The spotted wren has sometimes been considered conspecific with Boucard's wren (Campylorhynchus jocosus) but molecular data show that they are not closely related. The species is monotypic.

==Description==

The spotted wren is 17 cm long and weighs 28.3 to 31 g. Adults of both sexes have a chestnut crown and rufescent brown shoulders and back with dull black and buffy markings. The tail is gray-brown with darker bars. They have a white supercilium and a brown eyestripe above buffy white cheeks. Their chin, throat, and chest are off-white and the sides of the chest have blackish spots. The belly and lower flanks are buffy with faint barring. The juvenile's crown is dull black, the markings on the back are fainter than the adults', and the chest is pale buff without the adults' spots.
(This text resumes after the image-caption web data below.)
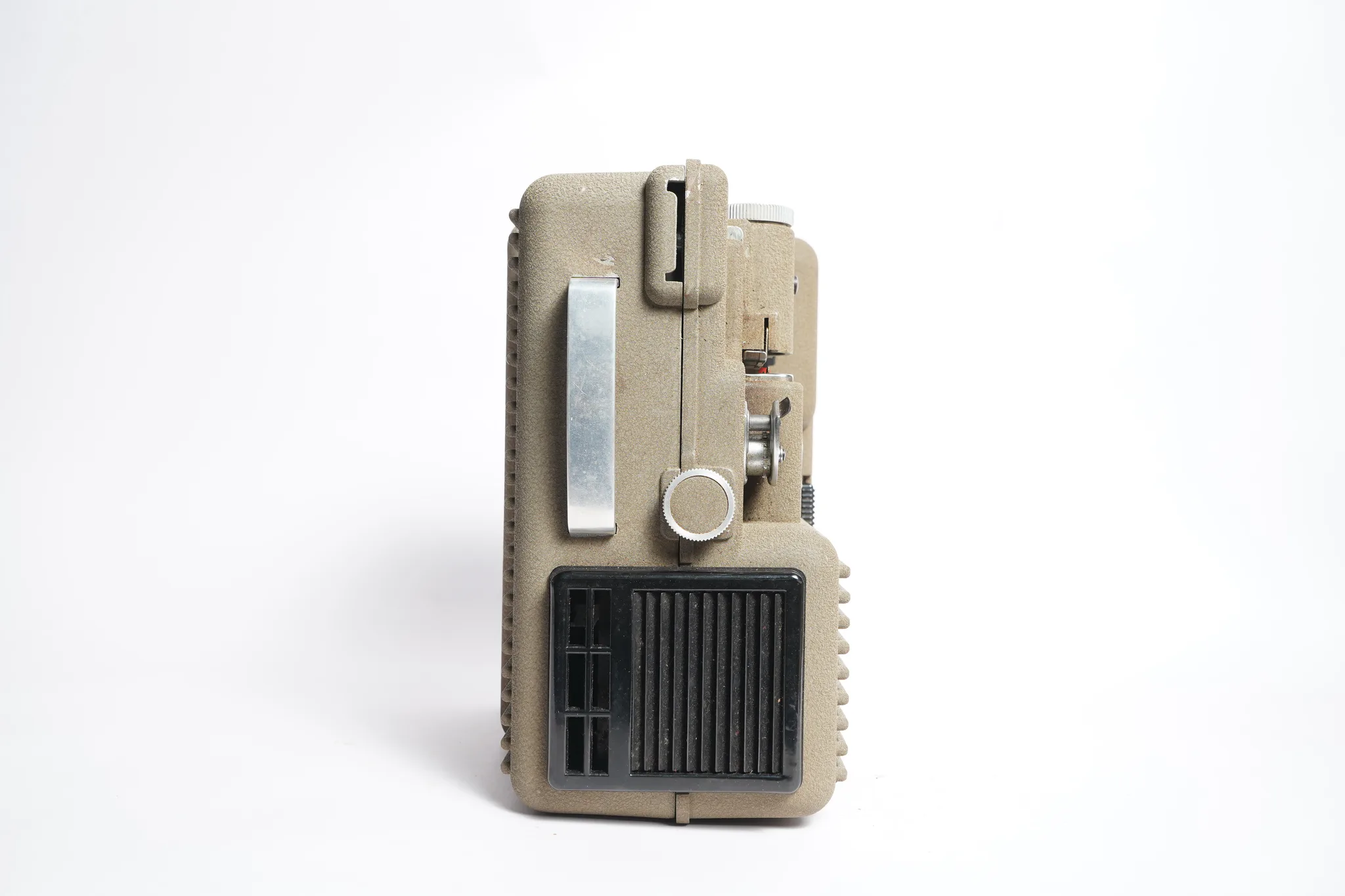 Eumig P8 Dual 8mm Projector — photograph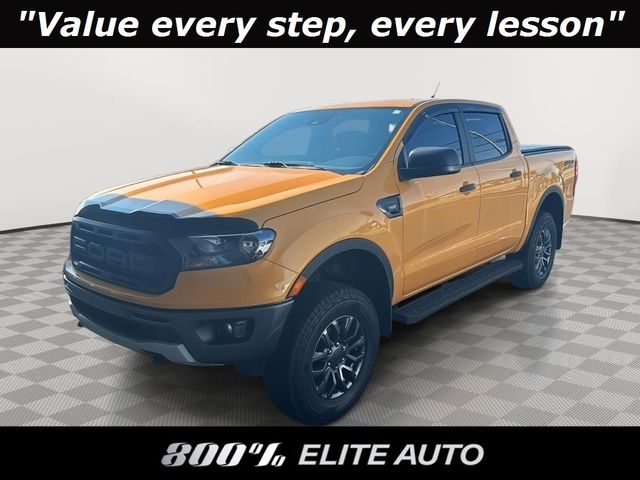 2021 Ford Ranger XLT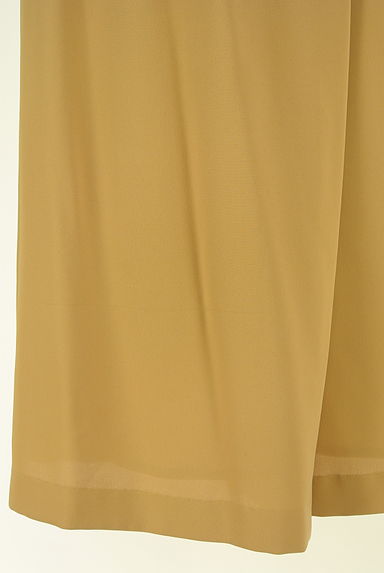 anySiS（エニィスィス）の古着「フロントタックミモレフレアパンツ（パンツ）」大画像５へ
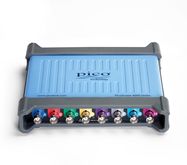 PicoScope 4824A 8-channel 20 MHz oscilloscope kit with 4 TA375 probes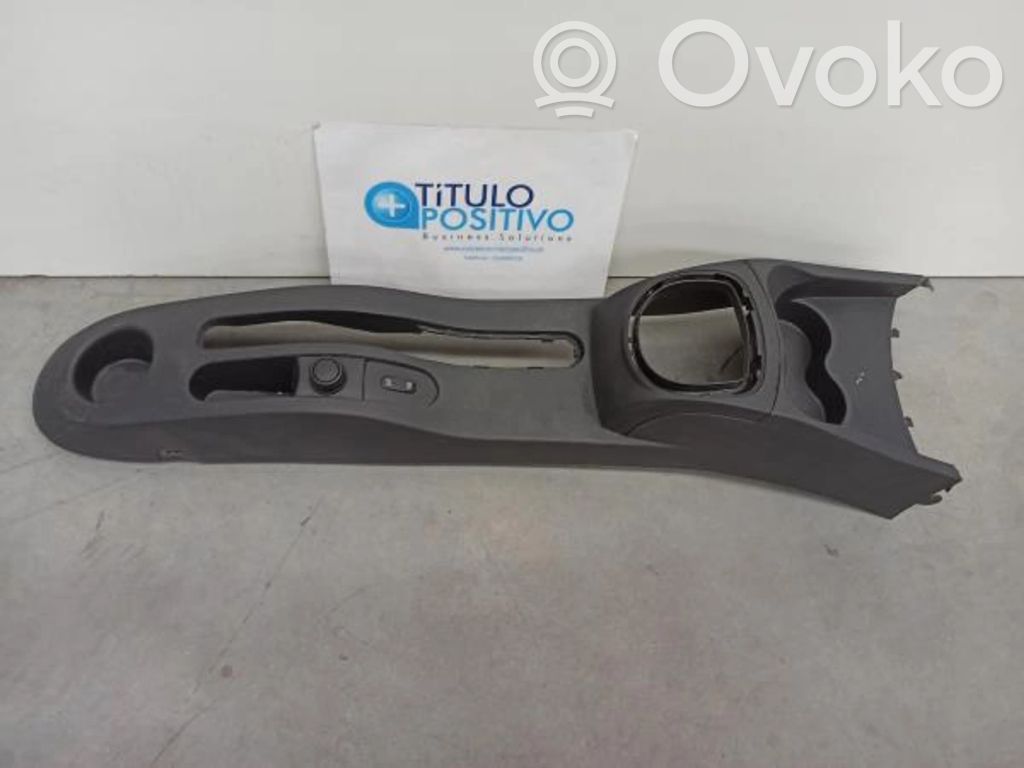 Renault Clio III Tableau de bord 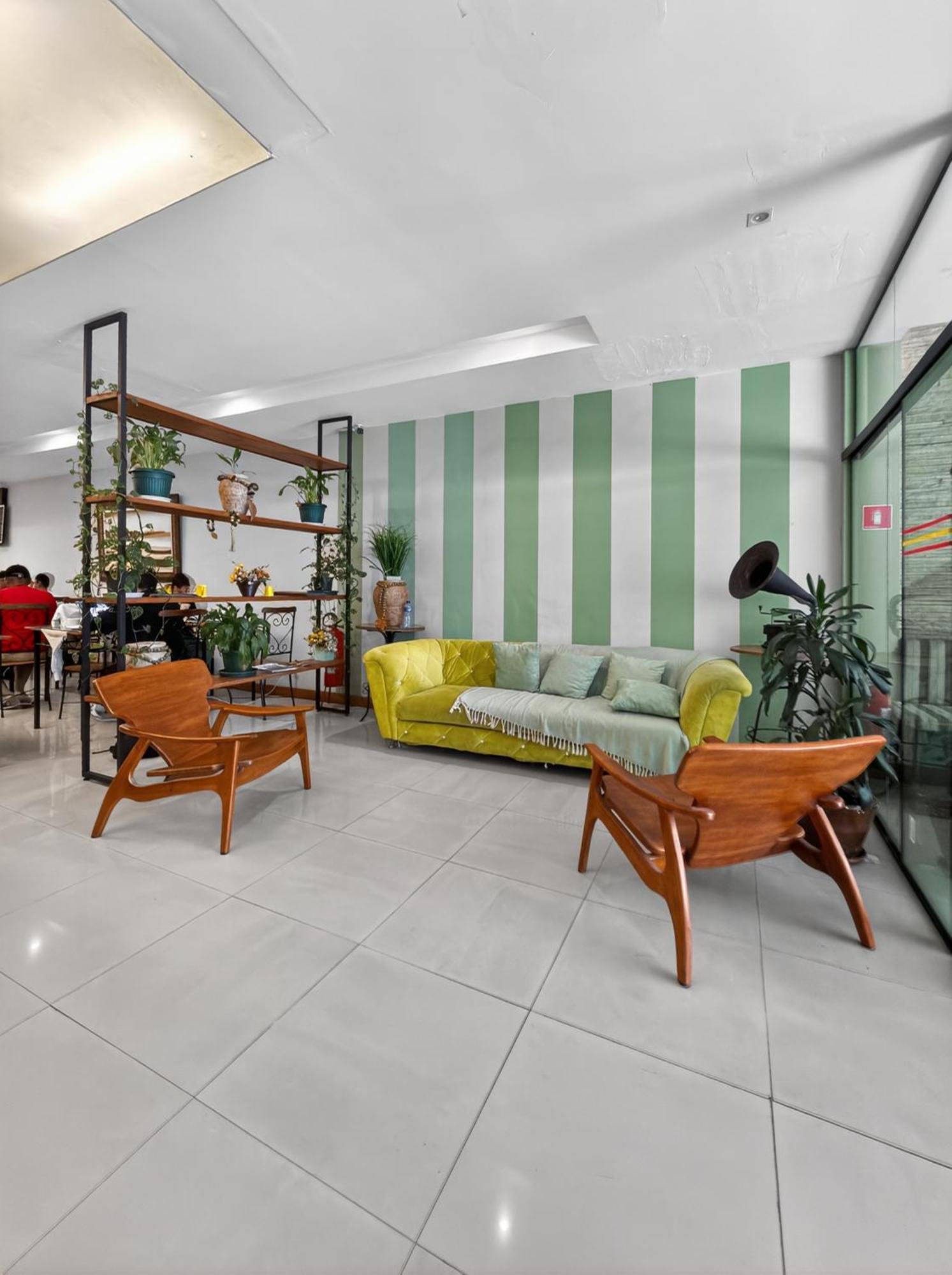 Small Double Room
==Distribution and habitat==

The spotted wren is found in two areas of Mexico separated by unsuitable habitat. In the west it ranges from southeastern Sonora south to western México state and western Morelos. East of that band it ranges from southern Nuevo León, southwestern Tamaulipas, and central San Luis Potosí south to Hidalgo. It occurs in several habitat types, from dry oak and pine-oak woodlands to stands of shrubs and cactus to rocky slopes with palms. In elevation it is generally found between 800 and 2500 m but ranges up to 3000 m in Colima.

==Behavior==
===Feeding===

The spotted wren actively forages in small groups, usually on or near the ground but as high as 15 m. It probes bark crevices, epiphytes, and among rocks for invertebrates. It also eats vegetable matter like cactus seeds and has been seen to prey on small lizards.

===Breeding===

The spotted wren's breeding phenology is virtually unknown. It builds a domed nest with side entrance like others of its genus. The clutch size appears to be two to four.

===Vocalization===

The spotted wren's song has been described as "a series of harsh churring notes" and "a series of unmusical gurgling phrases" . Its call is "a gruff 'cheh-cheh-cheht'" .

==Status==

The IUCN has assessed the spotted wren as being of Least Concern. "Abundance varies; quite sparse and uncommon in some areas, and very common in suitable habitat in others."